Extended Compressed Data: true
- And this KB SnapMirror storage efficiency configurations and behavior says
  - Since extended compressed data includes adaptive compression, enabling on a SnapMirror destination volume will result in an LRE transfer.
  - Logical Replication (LRE) - Source-side storage efficiency savings are not maintained by SnapMirror but can be re-gained at the destination

I have doubts about this and the reported sis errors, maybe a NetApp folks can take a look and contribute!

Jonathan Colón | Blog | Linkedin

TMADOCTHOMAS · ‎2021-03-08

No apologies needed @jcolonfzenpr , this is very helpful! I searched through the log but didn't find a case where LRE was in use, including specifically with several of the volumes that have been alerting. Having said that, I think you may be on to something. We only just recently upgraded to OnTAP 9.5 on both source and destination, and that may have had some kind of impact regarding the new "extended compression" setting.

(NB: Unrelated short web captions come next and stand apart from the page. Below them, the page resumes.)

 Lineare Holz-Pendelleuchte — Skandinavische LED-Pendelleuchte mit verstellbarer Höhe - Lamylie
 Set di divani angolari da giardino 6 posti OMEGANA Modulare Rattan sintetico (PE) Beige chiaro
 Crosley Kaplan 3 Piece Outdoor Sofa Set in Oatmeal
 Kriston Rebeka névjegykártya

Do you know how to determine if a volume is configured to set "extended compression"? I know the one I showed you revealed there is "extended compressed" data on the target volume, but does that mean it is configured to "run" on that volume or just that the type of data is there (i.e. as transferred from the source)?

I don't know if I mentioned that our source is an AFF system which may help make sense of this.

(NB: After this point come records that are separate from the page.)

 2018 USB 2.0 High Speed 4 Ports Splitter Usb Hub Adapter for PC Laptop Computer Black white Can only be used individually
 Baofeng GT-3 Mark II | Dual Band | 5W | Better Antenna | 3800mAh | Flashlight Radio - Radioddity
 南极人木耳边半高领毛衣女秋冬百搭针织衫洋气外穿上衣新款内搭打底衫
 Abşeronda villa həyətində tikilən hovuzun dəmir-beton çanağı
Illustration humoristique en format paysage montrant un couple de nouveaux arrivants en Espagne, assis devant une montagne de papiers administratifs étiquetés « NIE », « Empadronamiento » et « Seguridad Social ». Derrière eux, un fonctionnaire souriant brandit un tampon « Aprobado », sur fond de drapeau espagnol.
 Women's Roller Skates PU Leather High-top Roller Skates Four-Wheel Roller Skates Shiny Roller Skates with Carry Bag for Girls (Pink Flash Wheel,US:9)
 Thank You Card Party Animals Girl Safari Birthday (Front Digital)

The second KB says "If a source volume uses Extended compressed data, the destination must be running ONTAP 9.5 or later for SnapMirror to maintain storage efficiency savings (LRSE), regardless of the destination's storage efficiency settings." We upgraded both systems to 9.5 on the same day so LRSE should be in use, and I show that it is.

It also says, "Since extended compressed data includes adaptive compression, enabling on a SnapMirror destination volume will result in an LRE transfer." (emphasis mine)

The key question here is: what does it mean by "enabling"? I couldn't find a setting that deliberately enables or disables this feature. Any additional help will be greatly appreciated!

jcolonfzenpr · ‎2021-03-09

I think Extended Compressed Data is related to adaptive compression.

Can you provide this info from both source and destination?

volume efficiency show <volume with problem> -fields compression,state,compression-type,policy

also make sure you are on a the latest patch release of the version your are running.

Jonathan Colón | Blog | Linkedin

TMADOCTHOMAS · ‎2021-03-09

Thanks @jcolonfzenpr . Results:

On the production system:

vserver volume state policy compression-type compression
--------------- --------------- ------- ------------- ---------------- -----------
<vserver> <volume> Enabled eff_1000pm_01 adaptive true

On the DR system:

vserver volume state policy compression-type compression
--------------- --------------- ------- ------------- ---------------- -----------
<vserver> <volume> Enabled - adaptive false

jcolonfzenpr · ‎2021-03-09

I think your configuration is ok.

what ontap 9.5 version are you running (patch releases)?

Jonathan Colón | Blog | Linkedin

TMADOCTHOMAS · ‎2021-03-10

Thanks @jcolonfzenpr . As of a couple weeks ago we are on OnTAP 9.5P16.

TMADOCTHOMAS · ‎2021-04-02

Hi @jcolonfzenpr , was curious if you had any other suggestions. Would love to hear anyone else's comments as well! I'm at a loss as to why this keeps happening.

jcolonfzenpr · ‎2021-04-02

i send a pm to you.

Hope this helps

Jonathan Colón | Blog | Linkedin

TMADOCTHOMAS · ‎2021-04-02

Thanks, I saw that! I don't have bandwidth at the moment to work through joining the tool you mentioned but will see if I can do that sometime soon.